▶ **TASK TO CARRY OUT**:
Nothing but the lines from the one including "Chevrolet Captiva, Серебряный, 2015, Автоматическая, 184" through the last line of the entries, restated exactly, should appear in the answer; omit the pictures.
··· RECORDS FOR THE TASK ···
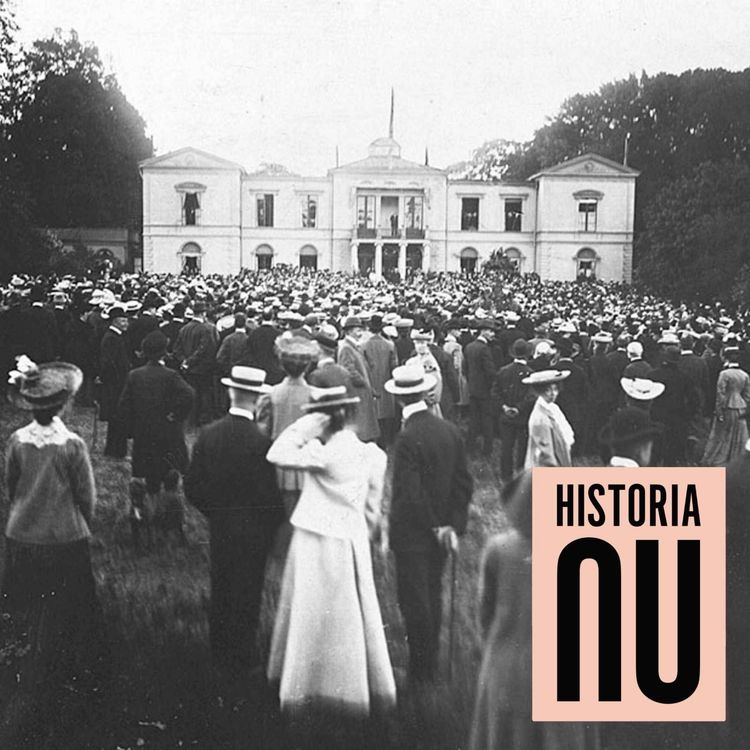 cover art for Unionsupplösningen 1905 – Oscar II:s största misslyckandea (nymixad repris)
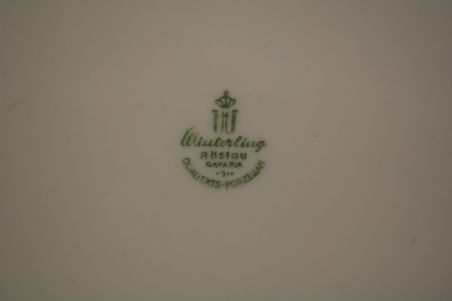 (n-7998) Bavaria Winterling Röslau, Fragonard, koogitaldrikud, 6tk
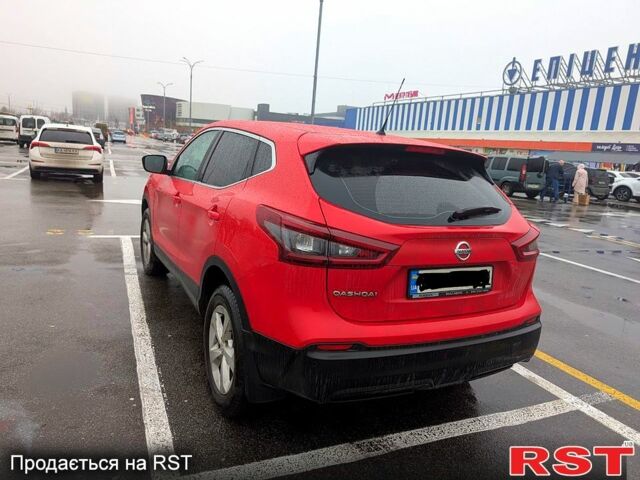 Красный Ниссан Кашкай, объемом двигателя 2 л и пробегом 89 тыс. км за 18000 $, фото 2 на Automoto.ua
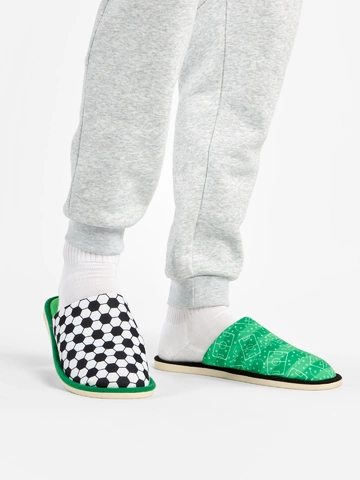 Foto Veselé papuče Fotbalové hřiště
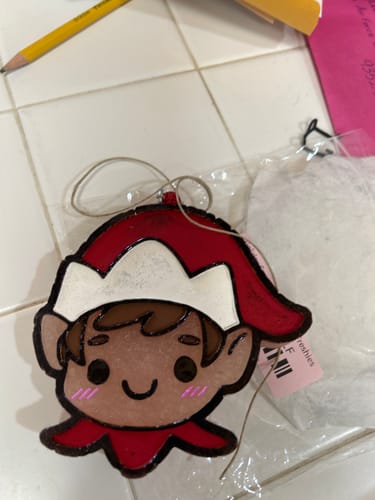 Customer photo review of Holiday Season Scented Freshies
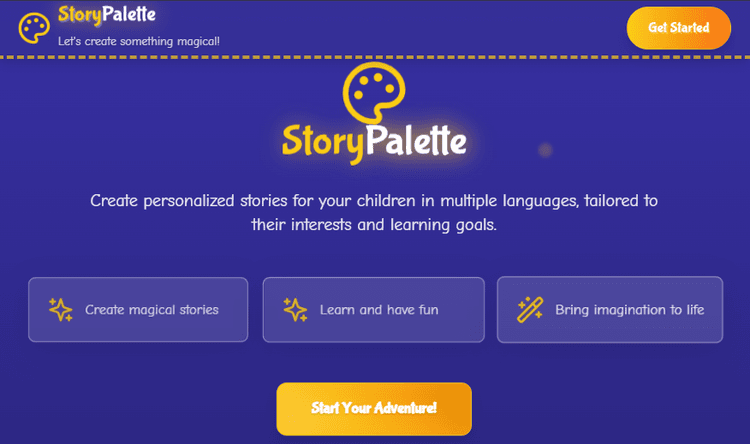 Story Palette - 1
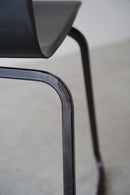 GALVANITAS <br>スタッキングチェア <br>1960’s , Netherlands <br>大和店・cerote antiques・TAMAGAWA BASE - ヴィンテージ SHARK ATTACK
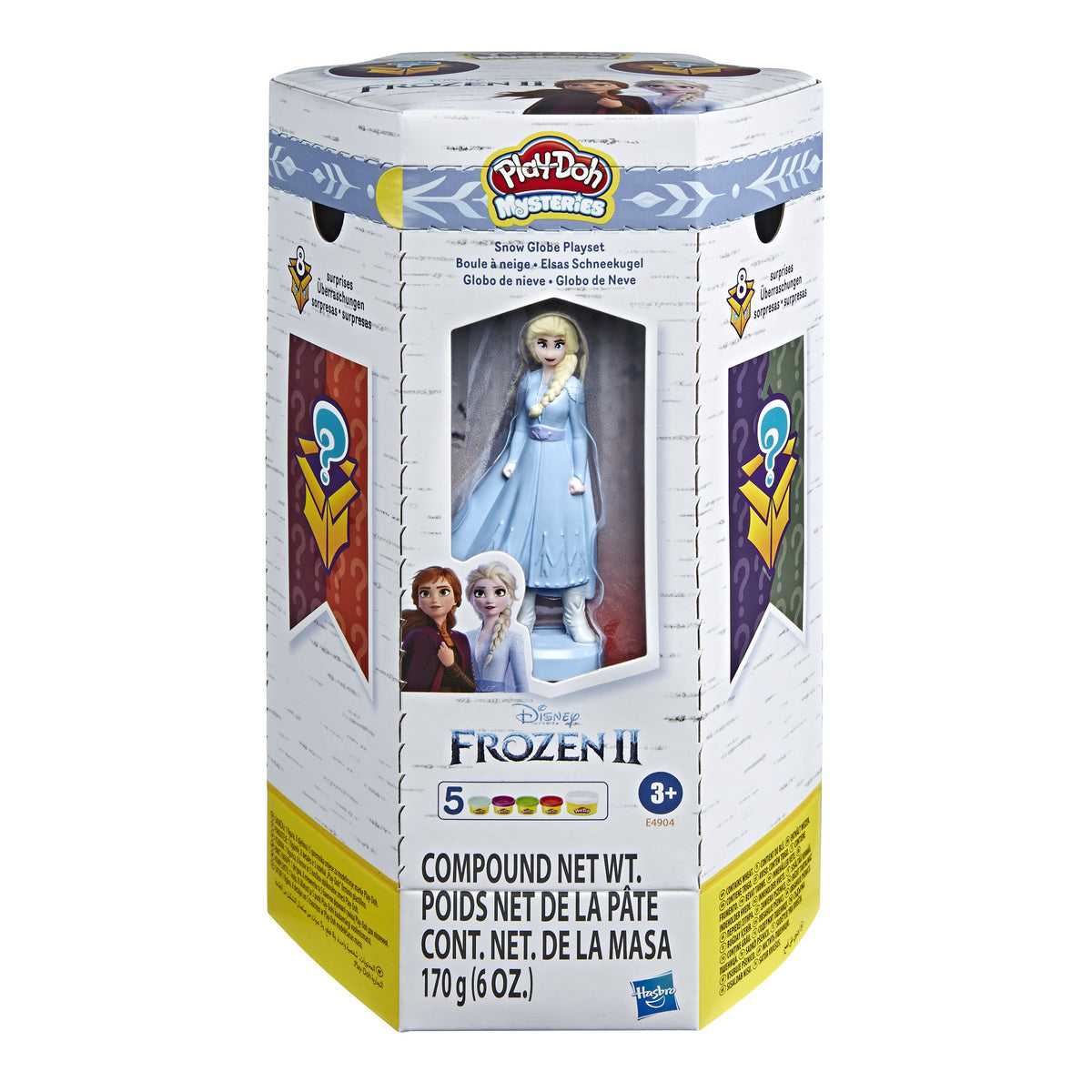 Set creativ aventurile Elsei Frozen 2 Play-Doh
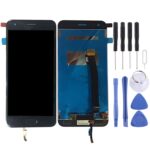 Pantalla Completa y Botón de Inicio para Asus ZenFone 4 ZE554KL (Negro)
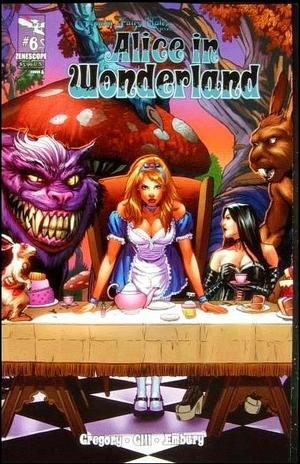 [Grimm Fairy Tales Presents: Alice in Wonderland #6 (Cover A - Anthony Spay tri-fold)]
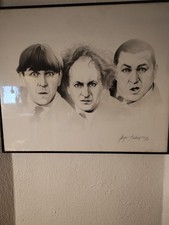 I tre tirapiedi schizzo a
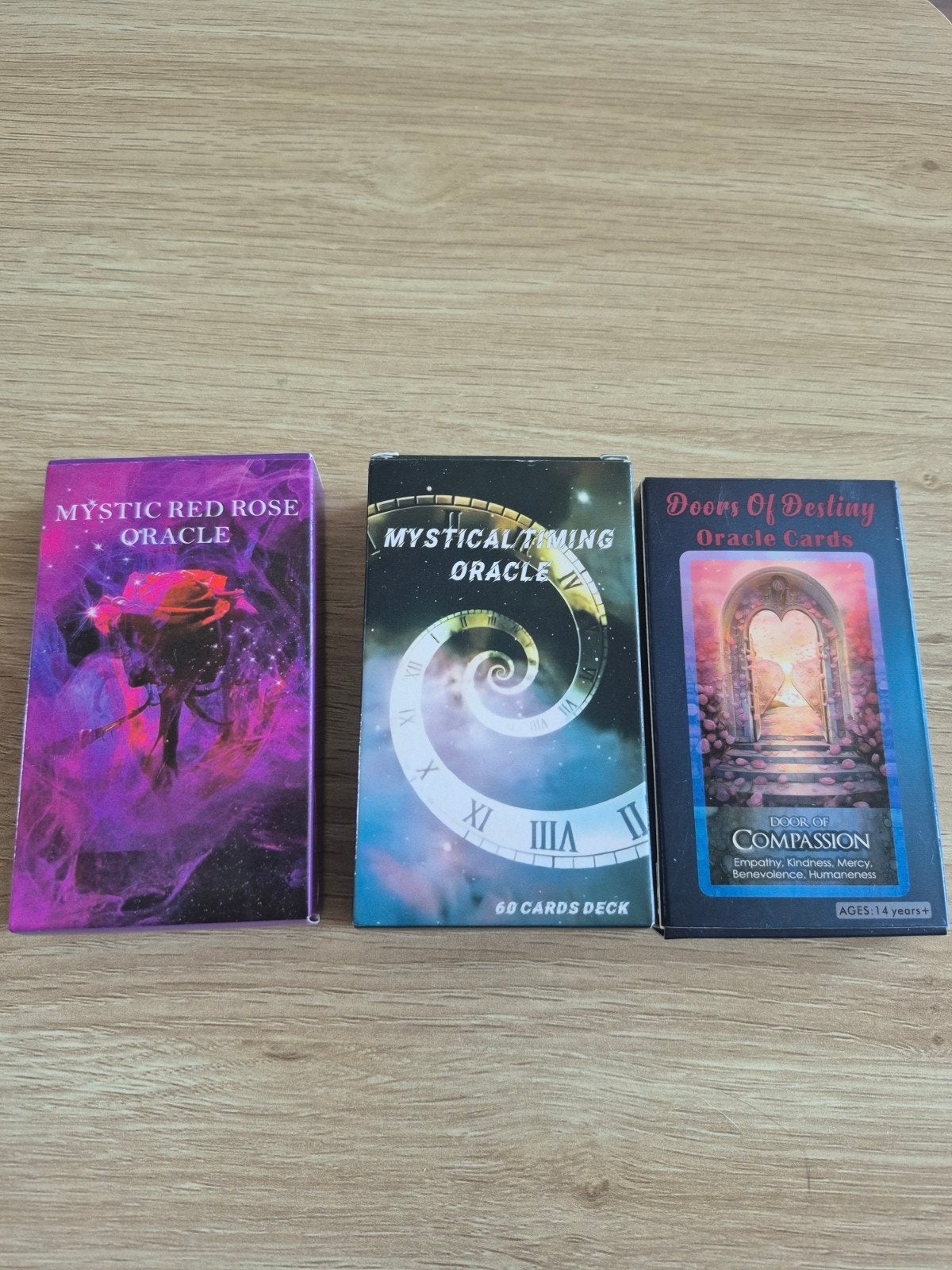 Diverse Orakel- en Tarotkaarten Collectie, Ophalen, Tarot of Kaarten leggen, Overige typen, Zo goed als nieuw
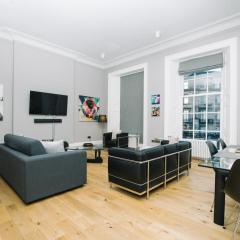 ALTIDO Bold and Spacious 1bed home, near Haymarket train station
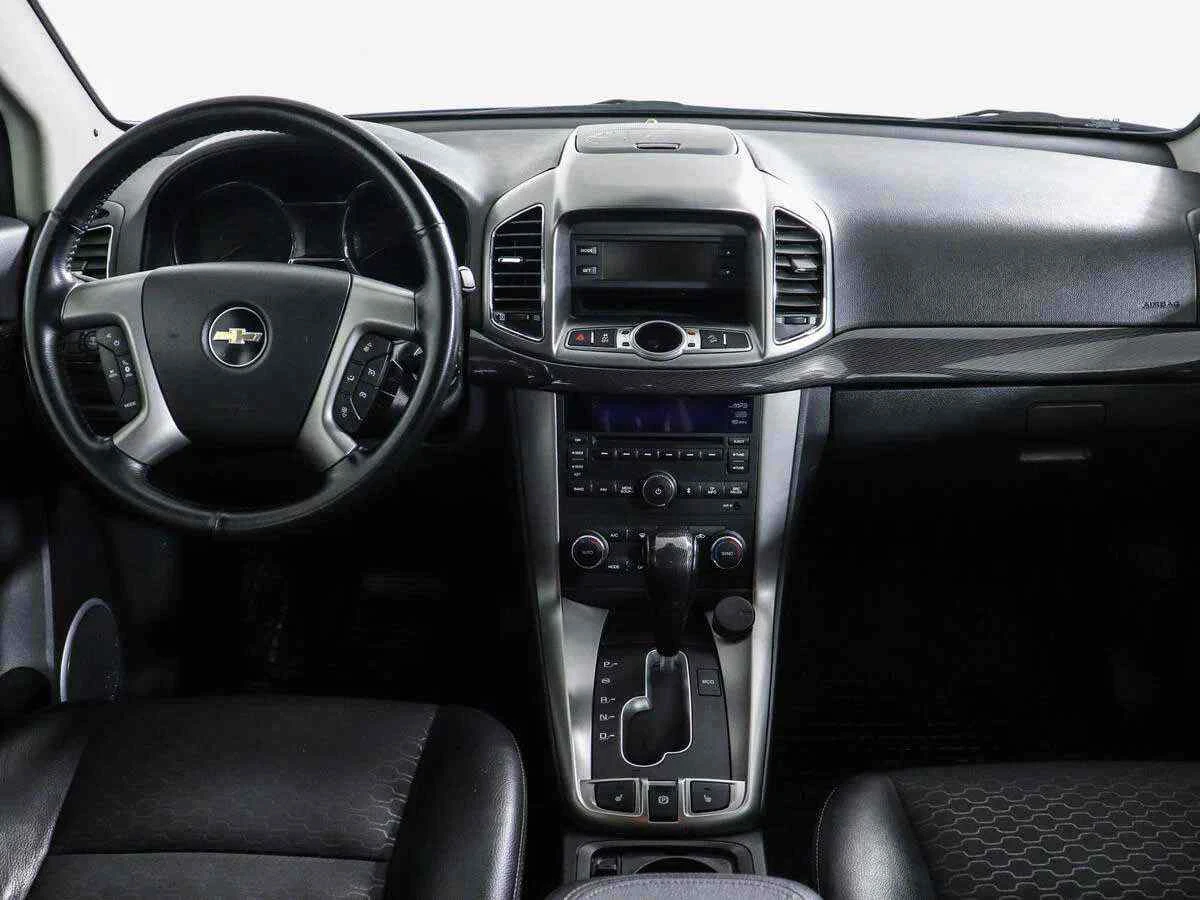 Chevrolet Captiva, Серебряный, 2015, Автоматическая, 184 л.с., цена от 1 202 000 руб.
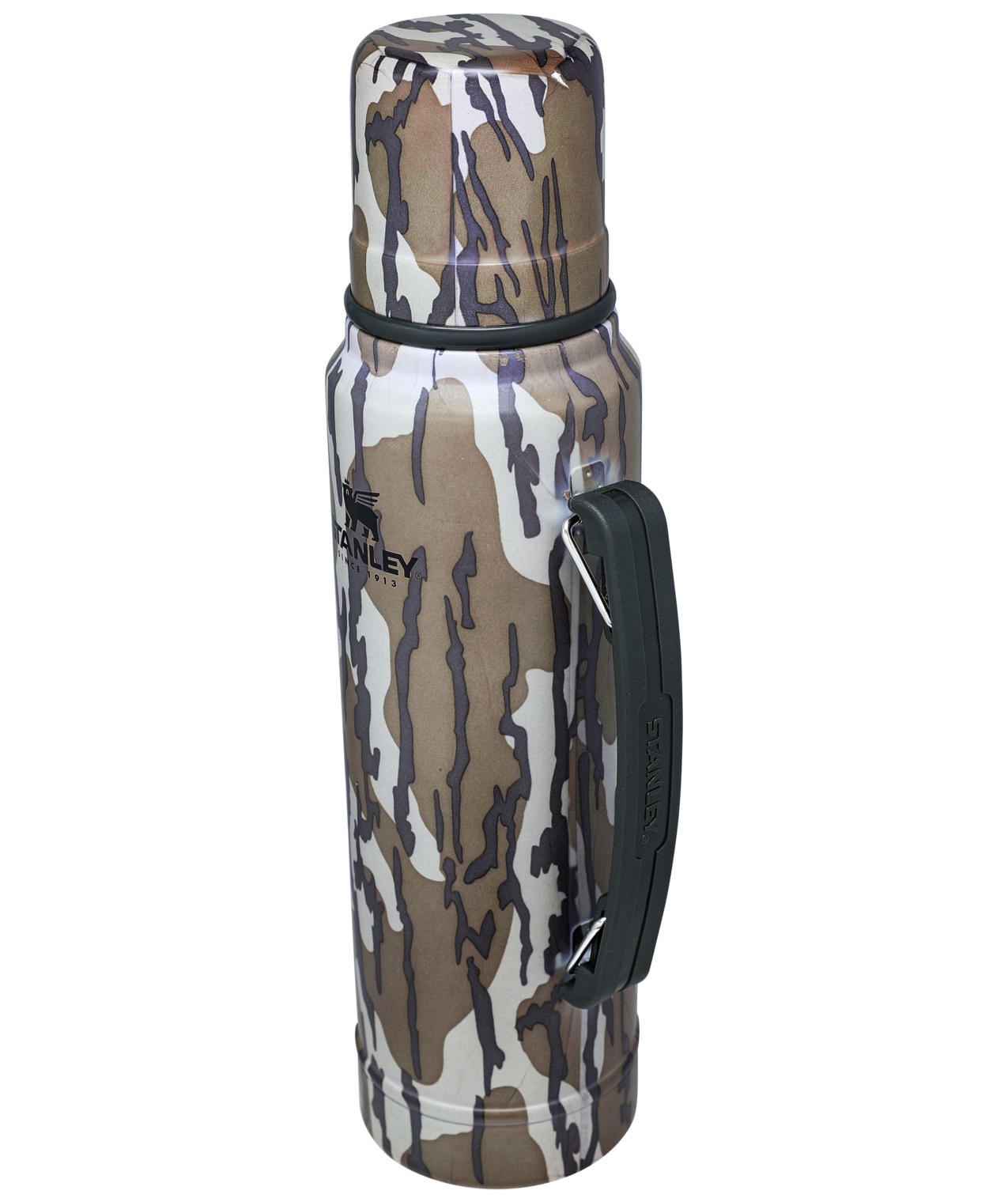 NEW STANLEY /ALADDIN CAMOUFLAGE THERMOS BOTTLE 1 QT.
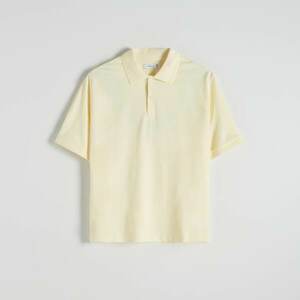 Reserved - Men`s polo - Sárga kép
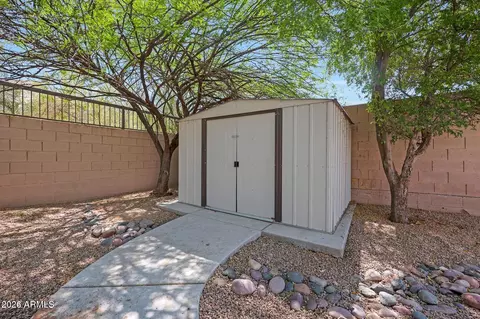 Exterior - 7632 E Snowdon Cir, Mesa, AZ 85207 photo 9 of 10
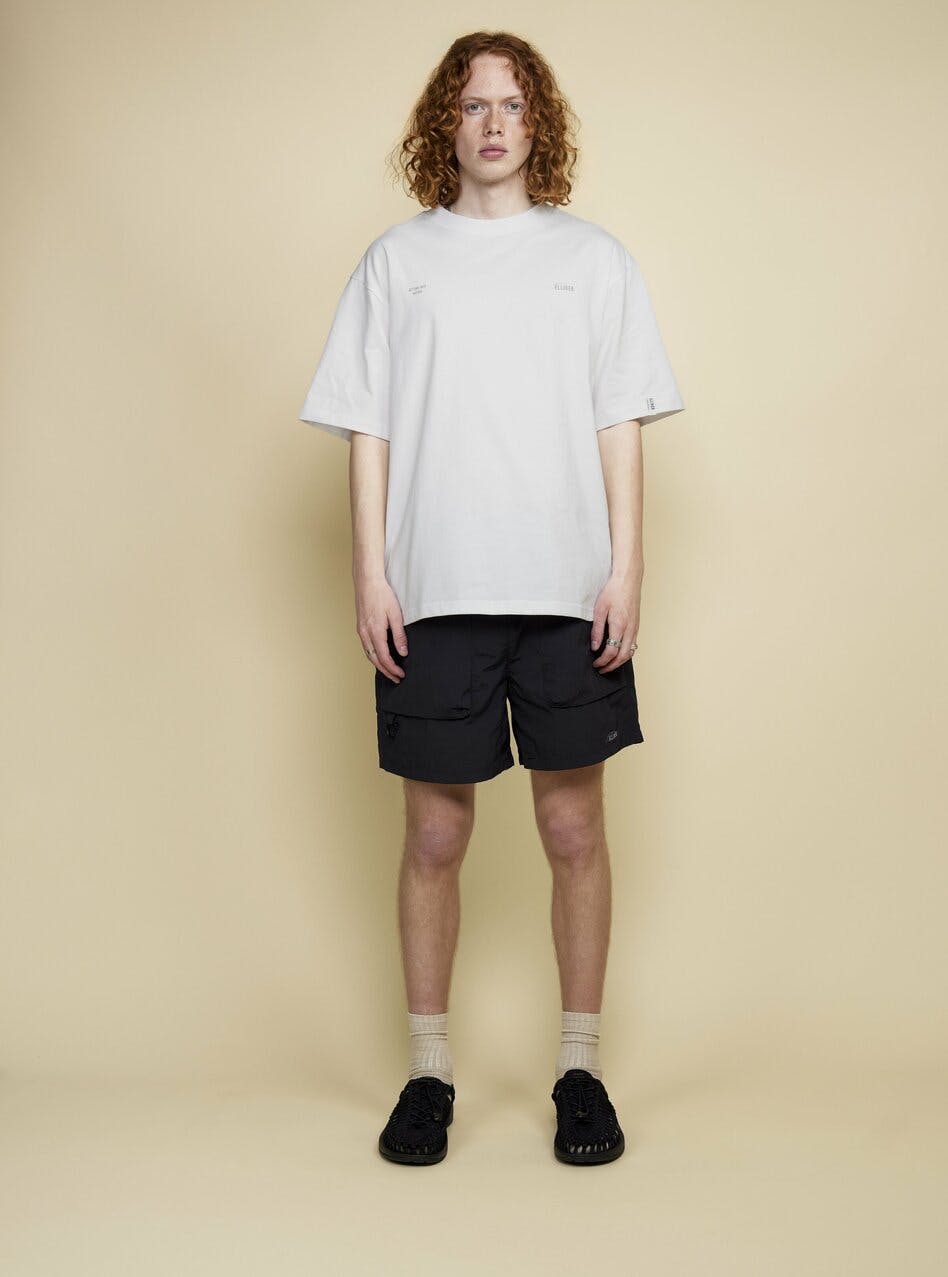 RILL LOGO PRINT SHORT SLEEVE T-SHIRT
···
▶ **SOLUTION BELOW**:
 Chevrolet Captiva, Серебряный, 2015, Автоматическая, 184 л.с., цена от 1 202 000 руб.
 NEW STANLEY /ALADDIN CAMOUFLAGE THERMOS BOTTLE 1 QT.
 Reserved - Men`s polo - Sárga kép
 Exterior - 7632 E Snowdon Cir, Mesa, AZ 85207 photo 9 of 10
 RILL LOGO PRINT SHORT SLEEVE T-SHIRT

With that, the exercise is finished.